Oriental Religions and Christianity eBook

This eBook from the Gutenberg Project consists of approximately 379 pages of information about Oriental Religions and Christianity.

Oriental Religions and Christianity eBook

This eBook from the Gutenberg Project consists of approximately 379 pages of information about Oriental Religions and Christianity.

This tribute to the completeness and power of Christ’s personality is calculated to remind one of a memorable chapter in the well-known work of the late Dr. Horace Bushnell, entitled, “Nature and the Supernatural.”  With a wonderful power it portrays Christ as rising above the plane of merely human characters—­as belonging to no age or race or stage of civilization—­as transcendent not in some of the virtues, but in them all—­as never subject to prejudice, or the impulse of passion, never losing that perfect poise which it has been impossible for the greatest of men to achieve—­as possessed of a mysterious magnetism which carried conviction to His hearers even when claiming to be one with the Infinite—­as inspiring thousands with a love which has led them to give their lives for His cause.[218]

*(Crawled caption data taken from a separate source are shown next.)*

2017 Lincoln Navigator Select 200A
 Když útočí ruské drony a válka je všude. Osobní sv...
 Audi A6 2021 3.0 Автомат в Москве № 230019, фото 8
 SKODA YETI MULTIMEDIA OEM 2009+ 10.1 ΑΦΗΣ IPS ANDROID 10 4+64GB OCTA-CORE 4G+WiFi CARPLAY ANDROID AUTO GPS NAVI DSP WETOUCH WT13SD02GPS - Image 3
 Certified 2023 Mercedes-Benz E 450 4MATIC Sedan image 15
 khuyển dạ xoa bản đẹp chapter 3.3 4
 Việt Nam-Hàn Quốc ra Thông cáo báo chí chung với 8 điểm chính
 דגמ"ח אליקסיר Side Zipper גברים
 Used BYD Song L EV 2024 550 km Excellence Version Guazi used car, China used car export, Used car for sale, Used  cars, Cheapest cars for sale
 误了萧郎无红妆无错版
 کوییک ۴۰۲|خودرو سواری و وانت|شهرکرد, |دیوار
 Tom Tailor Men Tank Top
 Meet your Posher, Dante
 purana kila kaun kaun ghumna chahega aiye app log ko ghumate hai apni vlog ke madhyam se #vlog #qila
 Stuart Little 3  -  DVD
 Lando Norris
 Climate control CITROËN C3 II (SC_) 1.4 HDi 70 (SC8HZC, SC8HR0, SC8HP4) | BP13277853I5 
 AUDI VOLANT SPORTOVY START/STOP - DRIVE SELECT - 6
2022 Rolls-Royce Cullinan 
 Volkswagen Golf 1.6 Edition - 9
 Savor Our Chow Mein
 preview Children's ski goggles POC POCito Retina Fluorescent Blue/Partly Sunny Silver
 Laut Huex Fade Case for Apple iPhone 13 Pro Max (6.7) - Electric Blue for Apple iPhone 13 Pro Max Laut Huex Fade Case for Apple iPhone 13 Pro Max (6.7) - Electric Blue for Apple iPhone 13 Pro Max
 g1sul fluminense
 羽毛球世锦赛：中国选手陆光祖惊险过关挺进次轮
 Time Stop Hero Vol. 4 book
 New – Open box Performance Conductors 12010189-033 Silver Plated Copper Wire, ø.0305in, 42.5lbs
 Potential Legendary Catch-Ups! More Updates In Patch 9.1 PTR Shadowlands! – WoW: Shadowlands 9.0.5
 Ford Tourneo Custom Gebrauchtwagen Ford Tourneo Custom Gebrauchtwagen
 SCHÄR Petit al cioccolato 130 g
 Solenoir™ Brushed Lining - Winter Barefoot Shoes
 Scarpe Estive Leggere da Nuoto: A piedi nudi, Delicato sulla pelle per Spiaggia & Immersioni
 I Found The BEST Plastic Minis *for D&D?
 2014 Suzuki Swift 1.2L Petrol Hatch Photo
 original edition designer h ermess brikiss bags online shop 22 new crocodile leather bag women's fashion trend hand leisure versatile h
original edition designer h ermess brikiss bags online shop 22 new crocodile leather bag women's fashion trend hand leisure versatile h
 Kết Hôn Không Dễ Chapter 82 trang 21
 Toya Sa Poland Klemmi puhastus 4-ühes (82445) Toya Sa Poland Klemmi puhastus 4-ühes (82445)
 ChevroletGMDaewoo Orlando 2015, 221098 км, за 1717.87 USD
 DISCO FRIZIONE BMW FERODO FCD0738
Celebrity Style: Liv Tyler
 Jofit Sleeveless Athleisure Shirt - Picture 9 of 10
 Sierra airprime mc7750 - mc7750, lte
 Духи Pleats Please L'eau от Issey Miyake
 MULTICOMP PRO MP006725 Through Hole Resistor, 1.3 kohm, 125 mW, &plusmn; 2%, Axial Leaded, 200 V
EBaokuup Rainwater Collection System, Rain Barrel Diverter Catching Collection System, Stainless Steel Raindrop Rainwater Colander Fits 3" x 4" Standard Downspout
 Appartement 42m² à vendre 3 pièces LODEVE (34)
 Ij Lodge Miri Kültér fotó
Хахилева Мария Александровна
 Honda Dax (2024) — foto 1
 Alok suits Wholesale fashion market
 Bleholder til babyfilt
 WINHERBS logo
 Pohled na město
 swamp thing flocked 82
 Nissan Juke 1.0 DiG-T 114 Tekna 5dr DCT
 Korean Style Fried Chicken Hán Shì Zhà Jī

I have often thought that one of the most striking evidences of the divine reality of the Christian faith is found in the reflection of Christ’s personality in the character and life of the apostle Paul.[219] No one can doubt that Paul was a real historic personage, that from having been a strict and influential Jew he became a follower of Jesus and gave himself to His service with a sublime devotion; that he sealed the sincerity of his belief by a life of marvellous self-denial.  He had no motive for acting a false part at such cost; on the contrary, an unmistakable genuineness is stamped upon his whole career.  How shall we explain that career?  Where else in the world’s history have we seen a gifted and experienced man, full of strong and repellant prejudices, so stamped and penetrated by the personality of another?

On what theory can we account for such a change in such a life, except that his own story of his conversion was strictly true, that he had felt in his inmost soul a power so overwhelming as to sweep away his prejudices, humble his pride, arm him against the derision of his former friends, and prepare him for inevitable persecution and for the martyr death of which he was forewarned?  So vivid were his impressions of this divine personality that it seemed almost to absorb his own.  Christ, though He had ascended, was still with him as a living presence.  All his inspiration, all his strength came from Him.  His plans and purposes centred in his Divine Master, and his only ambition was to be found well-pleasing in his sight.  He saw all types and prophecies fulfilled in Him as the Son of God, the fulness of His glory, and the express image of His person.  Paul never indulged in any similes by which to express the glory of heaven; it was enough that we should be like Christ and be with Him where He is.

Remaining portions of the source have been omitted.